Until March 2020, the dominating work organization model was being present at the office. Generally speaking, bosses and managers tended to look positively at workers who worked long hours in the office – even if it meant showing presenteeism – and to favour chatty employees, extroverts, who have the upper hand in meetings and discussions in the hallways.

All of a sudden, everyone was at home, alone, behind their computer. And all out once, the introverts found themselves like fish in the water.

From the beginning of the pandemic, HR specialists have been trying to convince as many managers and business leaders as possible to move from behavioural to results-based management.

This favours the autonomous and independent workers who have a lot of ease maneuvering in the digital world. But also, the more introverted people, who express themselves in a more optimal way behind their computer keyboard through the electronic filter of emails and chatrooms.

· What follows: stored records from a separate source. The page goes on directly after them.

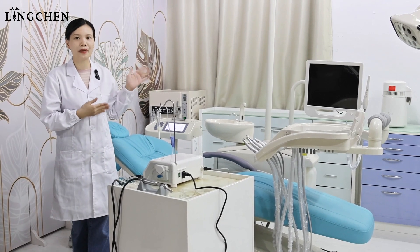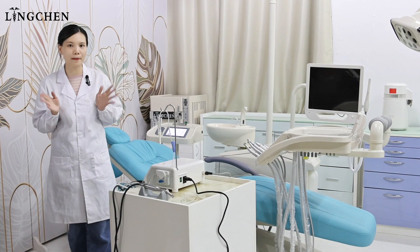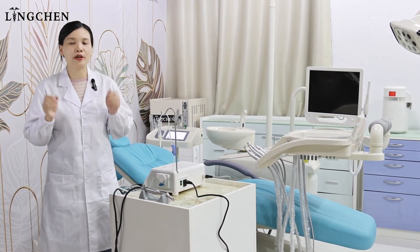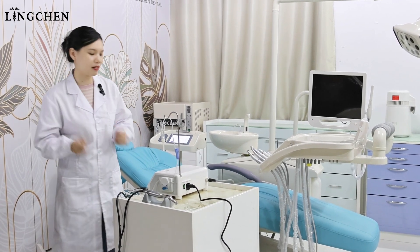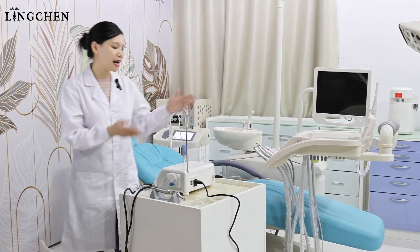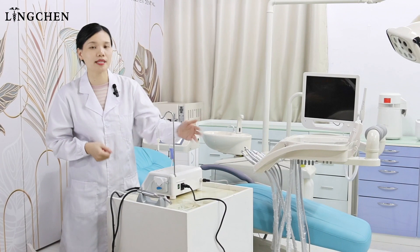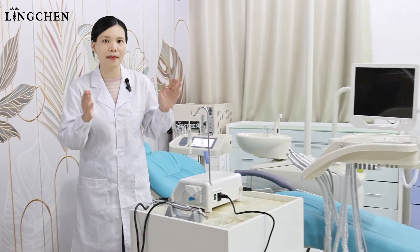Before we talk about our built-in implant dental chair, let's see how the traditional implants are working. Normally, for the preparation, it will take around 15 minutes to prepare the cabinets or the trolley. They put the implant model on the cabinet and prepare the cables and the tools for the implants. We can see the cables are really messed up.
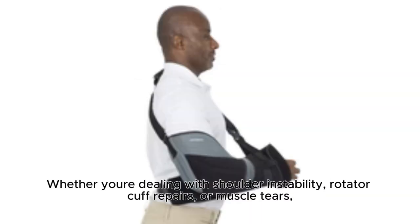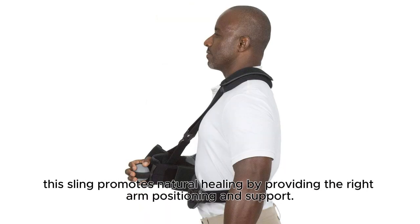Whether you're dealing with shoulder instability, rotator cuff repairs, or muscle tears, this sling promotes natural healing by providing the right arm positioning and support.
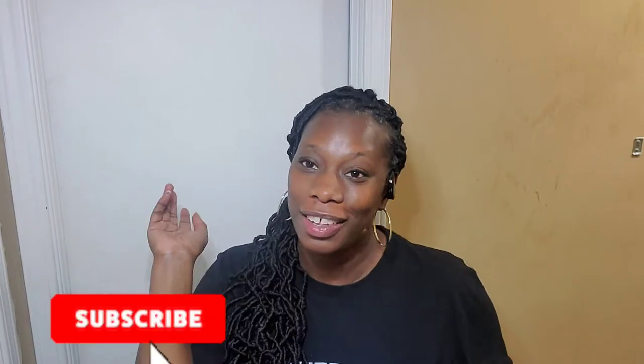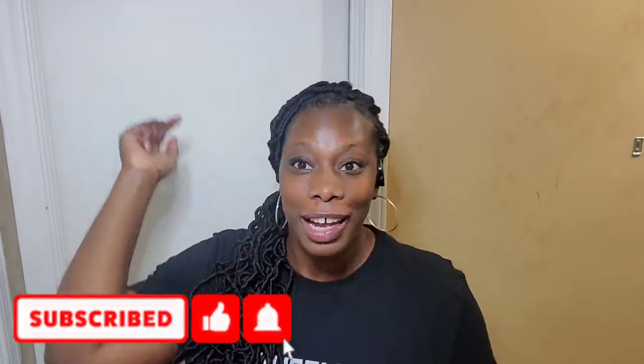It's your girl Keita Javon and I'm back for another video. What we're rocking today is 24-inch faux locks — can you believe it? Make sure you like and subscribe. This is a crochet look, and this hair was actually gifted to me to do a review, and I want to let you guys know what I found.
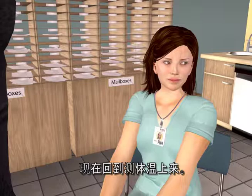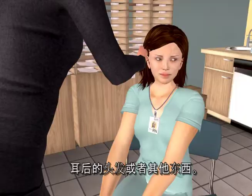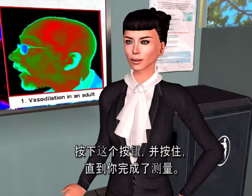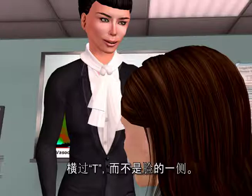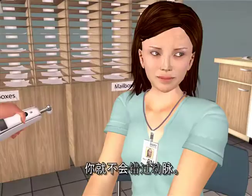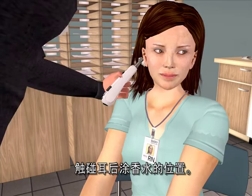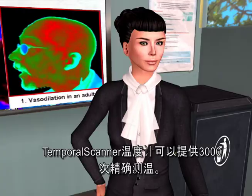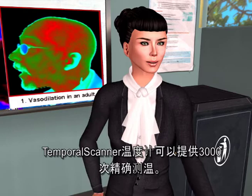After wiping the probe head, brush away any hair or anything else that might be covering the forehead or the ear. With the probe flush on the forehead, depress the button and keep it depressed until you are done. Slide straight across the forehead, crossing the T's, not down the side of the face. Continue to hold the button down, touch the neck behind the earlobe — the perfume spot. Now let go of the button and read the temperature. The temporal scanner pinpoints the highest of 3,000 temperatures to provide the most accurate temperature possible.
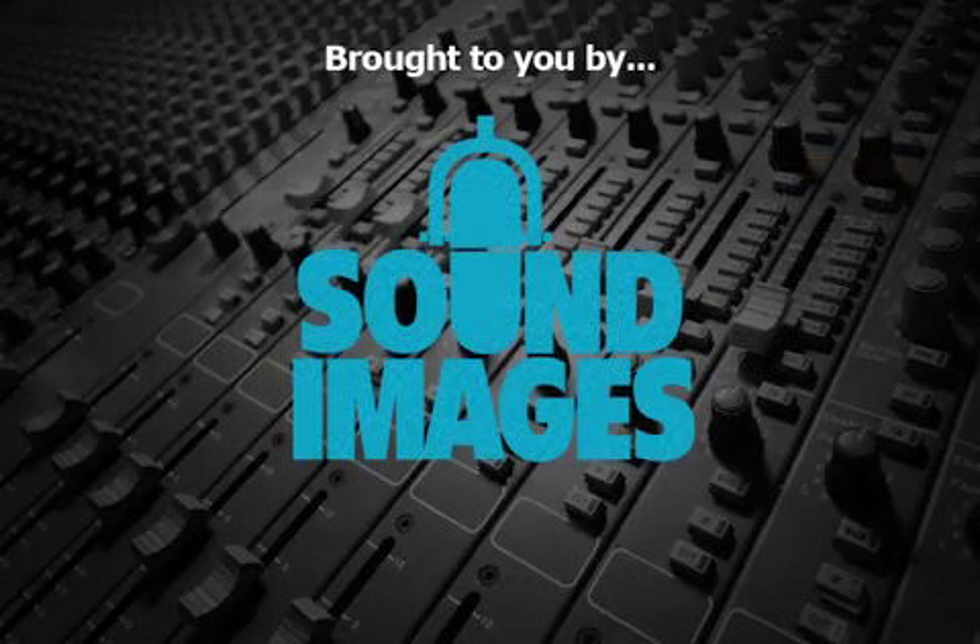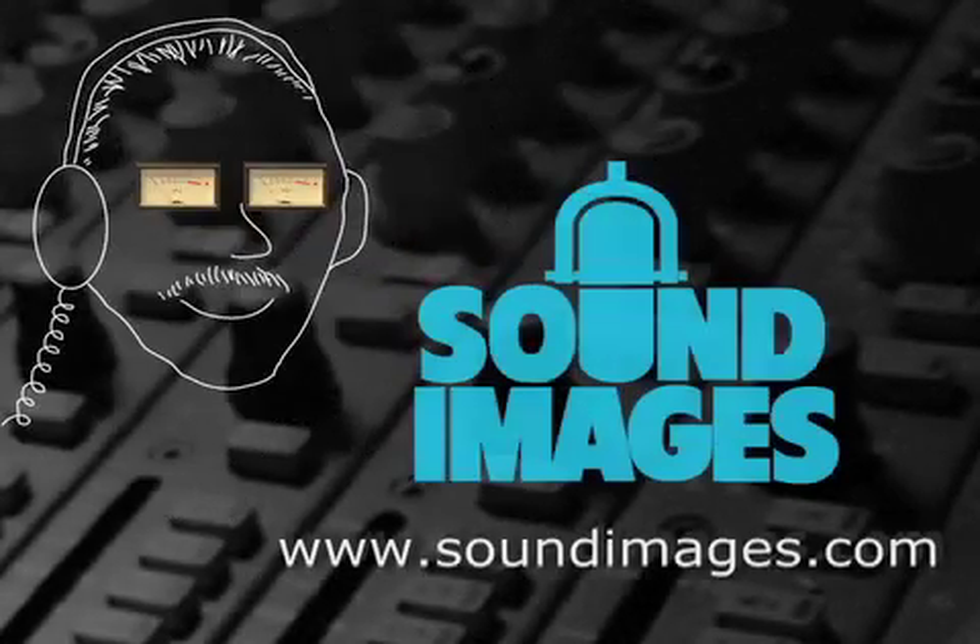For more interesting facts about sound, visit Mr. Audio at soundimages.com.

A study on telework leadership

In fact, a study published right at the beginning of the pandemic by researcher Radostina K. Purvanova, an associate professor at Drake University, confirmed this paradigm shift in favour of introverts. The study in question – conducted before the pandemic – wanted to explore leadership characteristics in a remote working environment.

The new data shows that the confidence, intelligence and extroversion that long propelled ambitious workers into the executive positions are not enough online, because they simply don’t translate into virtual leadership, he explains in an article in the BBC. Instead, workers who are organized, dependable and productive take the reins of virtual teams. Finally, doers lead the pack, at least remotely.”

The study shows that, in virtual mode, it is no longer “the most dynamic voices” that lead the troops, but those who carry out their tasks and achieve their objectives.

What if the stigma of laziness… changed sides?

Before the pandemic, those who preferred to work from home were often perceived as either antisocial or lazy, because they did not have the will to get dressed and deal with traffic. They preferred to work from home, but how do we know…if they were really working?

In a context where it is now proven that one can be very productive at home, with Zoom meetings, solving a thousand and one problems by email or phone, while having peace and quiet for work requiring concentration; in a context where results-oriented management gives managers proof of productivity of an individual at home, it is permissible to wonder if the stigma of laziness will soon change sides.

That is just a hypothesis, of course. But it may well be that, in the years ahead, employees perceived as unproductive or downright lazy by management may be those who insist on coming to the office every day.
It may be that extroverted employees, who enjoy being social, by going from one cubicle to another, to chat, catch up and develop their network influence, can be perceived as those who are really dragging their feet, and slowing the group’s progress.